2010 also saw a sharp increase in the number of enterprise websites publishing data on the semantic web. Time, The New York Times, and Overstock.com are among those marking up their HTML semantically. Best Buy added RDFa tags to its store pages and reported a 30% increase in traffic to them. In light of this, in 2011 look for SEO strategies to evolve to encompass structured data. In the content management system (CMS) world, Drupal 7 all-but-officially-released in 2010 (the official release came in early 2011), making Drupal the first CMS with native support for semantic web markup, and (hopefully) putting pressure on other CMS vendors to do the same.
In the face of all of this exciting change and growth, it feels almost too nerdy to cheerlead some recent RFCs and specifications. But we all know that the Web runs on standards, and we need the infrastructure that makes the cool stuff possible. If the semantic web is becoming less visible to end users, the changes I describe below are deep in the plumbing. None of these will ever be seen by Web users, but they enable developers to create a better semantic web experience for them.

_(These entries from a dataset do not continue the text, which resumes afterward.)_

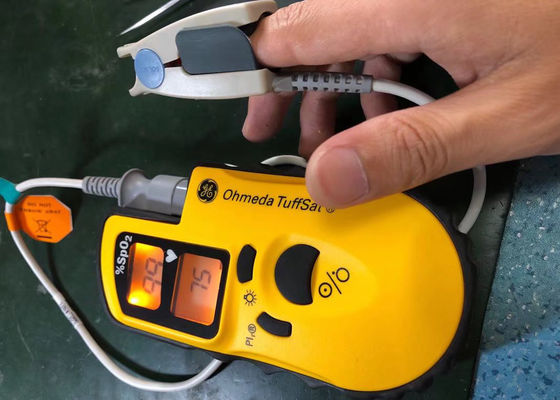 GE Datex Ohmeda Tuffs Gebruikte pols-oximeter Kleine grootte Voor ziekenhuis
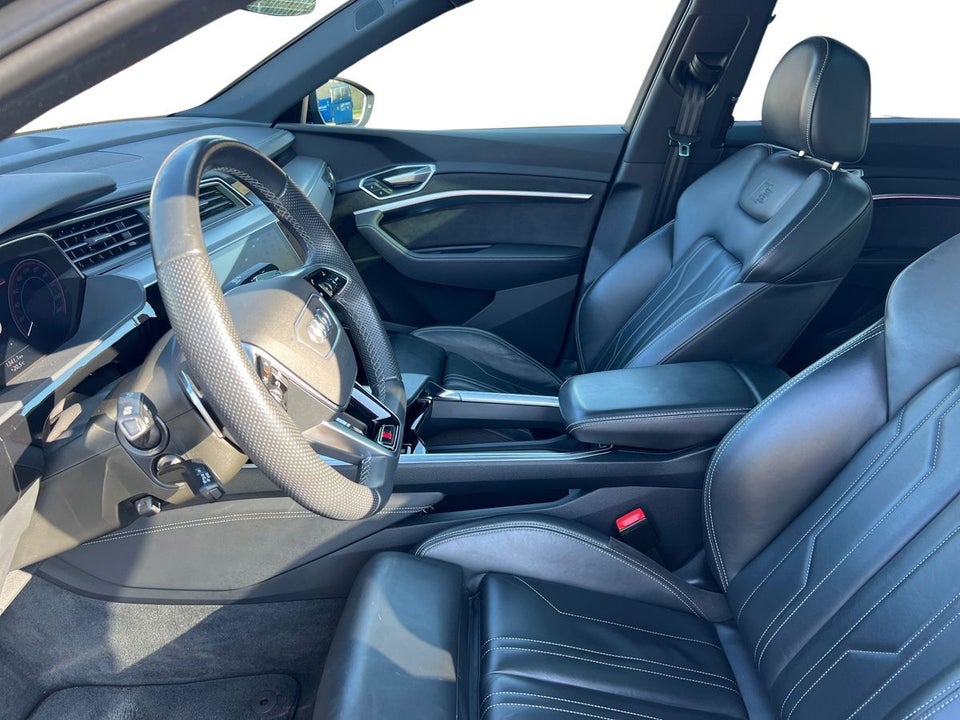 Audi e-tron S Sportback quattro 5d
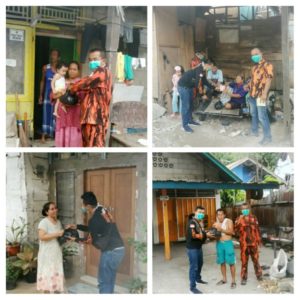 PP Sumbar Bagi Sembako kepada Warga yang Sedang Menjalani Karantina di Rumah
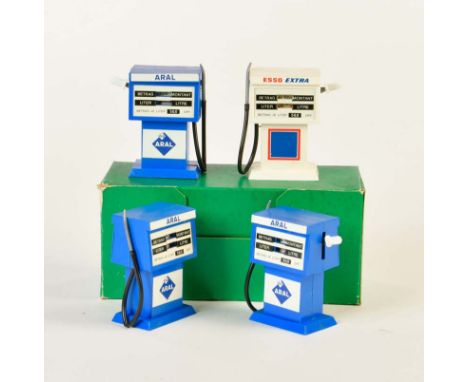 Gama, 4 Zapfsäulen in Okt, W.-Germany, Kst, Okt Z 1, Z 1, Gama, 4 Petrol Pumps in original Box, W.-Germany, plastic, box C 1,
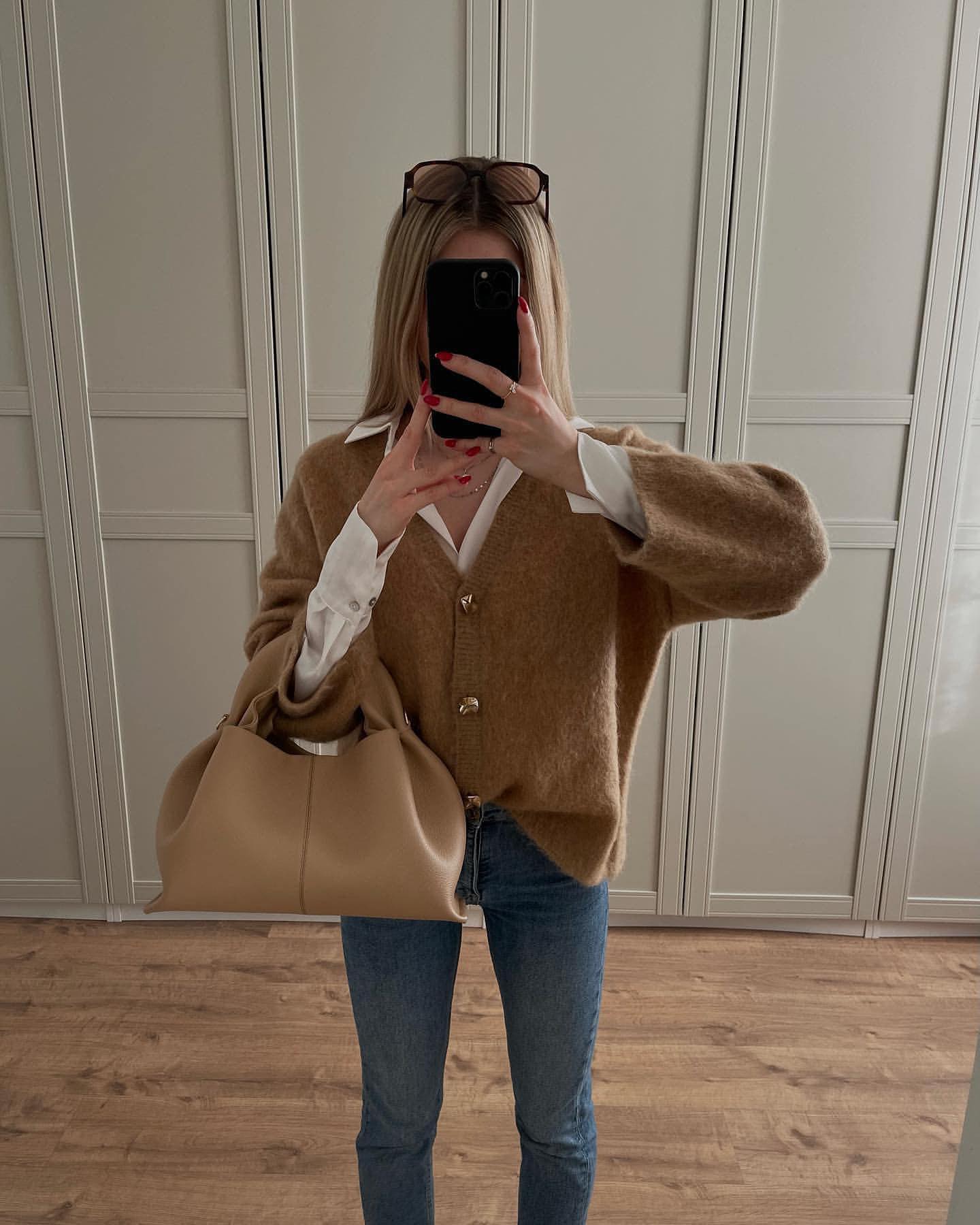 자켓보다 가디건이 좋아🧶👌🏻 이미지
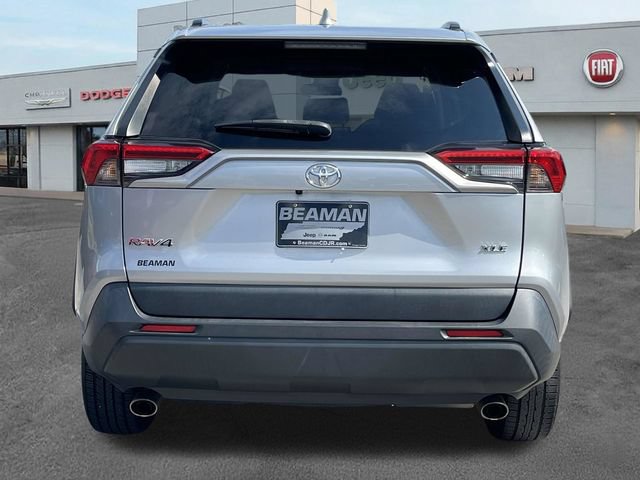 Used 2022 Toyota RAV4 XLE FWD image 6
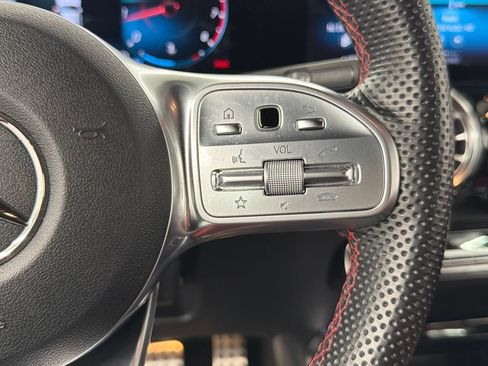 Used 2022 Mercedes-Benz GLB 35 AMG 4MATIC image 29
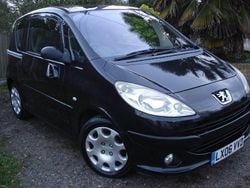 Black Used 2006 Peugeot 1007 Hatchback | £2,290
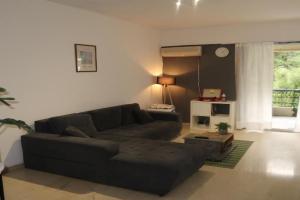 Varkiza Beach Entire Apartment, Vari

On the standards side, the W3C released the Rule Interchange Format (RIF). RIF may not be the splashiest member of the semantic web platform, but it’s the key to aggregating data that’s been marked up differently at different sites. It also could become the basis for more sophisticated operations, such as allowing automated agents to negotiate across organizational boundaries or reason across websites. The W3C initially evaluated over 50 use cases while developing the standard; the next year or two should tell us whether or not it becomes widely adopted.
Jena, a Java-based semantic web framework originally developed at HP, has been] adopted by the Apache incubator. Ideally, this will expose semantic web technologies to a wider audience of Java developers while allowing Jena to grow and thrive as an open-source tool.
Last but not least, the Internet Engineering Task Force (IETF) is proposing a standard to create typed relationships between resources on the web. While this isn’t strictly a semantic web initiative – it’s outside the scope of the W3C and it uses a registry rather than publishing the types in an ontology – it accomplishes the goal of using markup to add structure to web pages.
Setbacks for 2010? I only counted a few. In October, Yahoo! closed down its SearchMonkey project. SearchMonkey was a framework for developers to add structured metadata to search results, similar to Google’s rich snippets. This probably says more about Yahoo!’s internal approach to search than anything larger about semantic search, but it’s sad to see it go. Facebook’s OpenGraph initiative is a mixed bag in my book. It’s a big step forward for structured data on the web, but it also has the real possibility of locking up large chunks of the social graph it creates.
This tension between private and public models and data will continue to play out this year, in debate over OpenGraph and whether we’re truly seeing the rise of open linked data or linkable, privately owned data.
2011 is off to a roaring start, with the official release of Drupal 7. What else will the year bring? I think we’ll continue to see the same, steady movement towards a working semantic web: snowballing RDFa adoption, ever more linked data, and, if we’re lucky, another smart semantically-powered app or two along the lines of Siri to make use of it in new and exciting ways. As the semantic web solves its data problem, its builders and users will move on to next level of problems. Questions like “Where did my data come from?” “How accurate is it?” and “How much do I trust its provider?” will be taken up in the next few years.